In one embodiment, the determining the density status of the traffic flow on the highway comprises:

acquiring a target road section on the expressway;

determining an absolute difference of an occupancy rate between a first detection position and a second detection position of the target road section, a first relative difference of an occupancy rate between the first detection position and the second detection position of the target road section, and a second relative difference of an occupancy rate of the second detection position of the target road section;

determining that the density state of the highway is the low density state when the absolute difference value is smaller than a first threshold value, the first relative difference value is smaller than a second threshold value, and the second relative difference value is smaller than a third threshold value.

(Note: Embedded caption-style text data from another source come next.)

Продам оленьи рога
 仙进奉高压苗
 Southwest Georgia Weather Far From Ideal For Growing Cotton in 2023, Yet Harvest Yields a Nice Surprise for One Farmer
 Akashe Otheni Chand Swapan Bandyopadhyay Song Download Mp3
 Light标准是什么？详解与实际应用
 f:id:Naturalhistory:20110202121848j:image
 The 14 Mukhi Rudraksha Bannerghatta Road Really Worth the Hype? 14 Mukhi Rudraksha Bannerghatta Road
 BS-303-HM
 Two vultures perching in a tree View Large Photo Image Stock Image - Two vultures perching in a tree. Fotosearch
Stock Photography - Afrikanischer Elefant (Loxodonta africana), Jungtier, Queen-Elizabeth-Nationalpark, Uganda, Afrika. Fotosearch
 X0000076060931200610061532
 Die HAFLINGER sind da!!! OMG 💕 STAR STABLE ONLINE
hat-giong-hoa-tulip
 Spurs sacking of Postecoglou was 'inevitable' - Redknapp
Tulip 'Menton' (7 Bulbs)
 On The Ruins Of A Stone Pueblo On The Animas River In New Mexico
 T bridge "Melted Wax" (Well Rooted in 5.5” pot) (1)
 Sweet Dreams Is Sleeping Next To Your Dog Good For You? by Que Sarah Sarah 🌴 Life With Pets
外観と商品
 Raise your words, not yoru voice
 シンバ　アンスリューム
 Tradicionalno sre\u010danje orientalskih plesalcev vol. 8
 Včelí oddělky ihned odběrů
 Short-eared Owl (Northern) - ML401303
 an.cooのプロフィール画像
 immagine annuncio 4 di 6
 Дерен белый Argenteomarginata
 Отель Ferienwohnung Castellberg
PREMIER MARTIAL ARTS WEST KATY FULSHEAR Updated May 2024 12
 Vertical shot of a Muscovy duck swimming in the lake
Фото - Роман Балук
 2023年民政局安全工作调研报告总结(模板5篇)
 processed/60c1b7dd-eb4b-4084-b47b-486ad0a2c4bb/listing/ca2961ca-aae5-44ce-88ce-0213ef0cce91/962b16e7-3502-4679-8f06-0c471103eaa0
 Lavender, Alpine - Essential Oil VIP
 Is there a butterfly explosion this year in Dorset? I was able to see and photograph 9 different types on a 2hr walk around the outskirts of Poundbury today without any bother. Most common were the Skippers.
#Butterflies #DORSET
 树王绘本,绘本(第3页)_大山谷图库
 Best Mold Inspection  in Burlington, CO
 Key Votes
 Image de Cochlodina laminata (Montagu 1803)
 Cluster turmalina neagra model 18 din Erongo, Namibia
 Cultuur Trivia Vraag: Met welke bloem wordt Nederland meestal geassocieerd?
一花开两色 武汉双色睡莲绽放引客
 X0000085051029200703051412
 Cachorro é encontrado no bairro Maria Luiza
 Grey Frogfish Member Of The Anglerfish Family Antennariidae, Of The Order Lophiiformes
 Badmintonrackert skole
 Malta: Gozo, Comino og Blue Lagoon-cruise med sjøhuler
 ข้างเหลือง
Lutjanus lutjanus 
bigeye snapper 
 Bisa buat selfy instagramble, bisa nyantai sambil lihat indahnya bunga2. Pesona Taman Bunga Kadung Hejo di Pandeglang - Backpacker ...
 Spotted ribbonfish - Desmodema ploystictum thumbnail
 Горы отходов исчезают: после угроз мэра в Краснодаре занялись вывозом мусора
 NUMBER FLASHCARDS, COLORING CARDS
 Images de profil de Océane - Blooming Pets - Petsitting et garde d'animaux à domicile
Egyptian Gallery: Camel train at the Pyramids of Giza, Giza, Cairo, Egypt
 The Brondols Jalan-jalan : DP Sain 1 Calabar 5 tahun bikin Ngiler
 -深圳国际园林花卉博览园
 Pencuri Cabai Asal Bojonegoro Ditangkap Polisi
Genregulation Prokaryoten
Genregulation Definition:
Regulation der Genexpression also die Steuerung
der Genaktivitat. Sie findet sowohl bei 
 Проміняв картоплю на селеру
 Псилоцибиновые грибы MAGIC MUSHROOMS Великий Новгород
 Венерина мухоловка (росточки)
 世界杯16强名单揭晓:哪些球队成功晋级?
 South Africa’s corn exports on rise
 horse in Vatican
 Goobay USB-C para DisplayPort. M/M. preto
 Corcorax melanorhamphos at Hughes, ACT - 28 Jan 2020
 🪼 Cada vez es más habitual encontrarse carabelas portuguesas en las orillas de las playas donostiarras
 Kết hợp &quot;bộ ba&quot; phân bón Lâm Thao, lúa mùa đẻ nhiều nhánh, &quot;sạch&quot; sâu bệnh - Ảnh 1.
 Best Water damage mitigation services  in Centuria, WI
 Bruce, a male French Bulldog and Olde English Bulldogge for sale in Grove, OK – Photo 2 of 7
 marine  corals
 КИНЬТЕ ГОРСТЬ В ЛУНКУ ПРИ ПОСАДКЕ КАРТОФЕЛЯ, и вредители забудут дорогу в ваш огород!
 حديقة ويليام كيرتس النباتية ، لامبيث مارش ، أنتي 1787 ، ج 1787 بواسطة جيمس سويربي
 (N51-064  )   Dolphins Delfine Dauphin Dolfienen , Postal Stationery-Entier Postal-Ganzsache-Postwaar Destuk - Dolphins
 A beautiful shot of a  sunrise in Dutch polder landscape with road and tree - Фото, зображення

In a second aspect, the application further provides a device for allocating highway resources. The device comprises:

the compression wave velocity module is used for determining the compression wave velocity of the expressway according to the traffic flow density of a first detection position of the expressway, a preset traffic flow density target value and the free driving speed of a vehicle; the first detection position is located at an upstream position of the expressway;

the first distance module is used for determining a first detection distance between the first detection position and the accident occurrence position on the expressway according to the wave velocity of the compressional wave and a preset first response time;

a second distance module for determining a second detection distance between a second detection location of the highway and the accident occurrence location; the second detection position is located at a downstream position of the expressway;

and the resource allocation module is used for allocating resources to the expressway according to the first detection distance and the second detection distance.

In a third aspect, the application also provides a computer device. The computer device comprises a memory storing a computer program and a processor implementing the following steps when executing the computer program:

determining a second detection distance between a second detection position of the expressway and the accident occurrence position; the second detection position is located at a downstream position of the expressway;

and according to the first detection distance and the second detection distance, carrying out resource allocation on the expressway.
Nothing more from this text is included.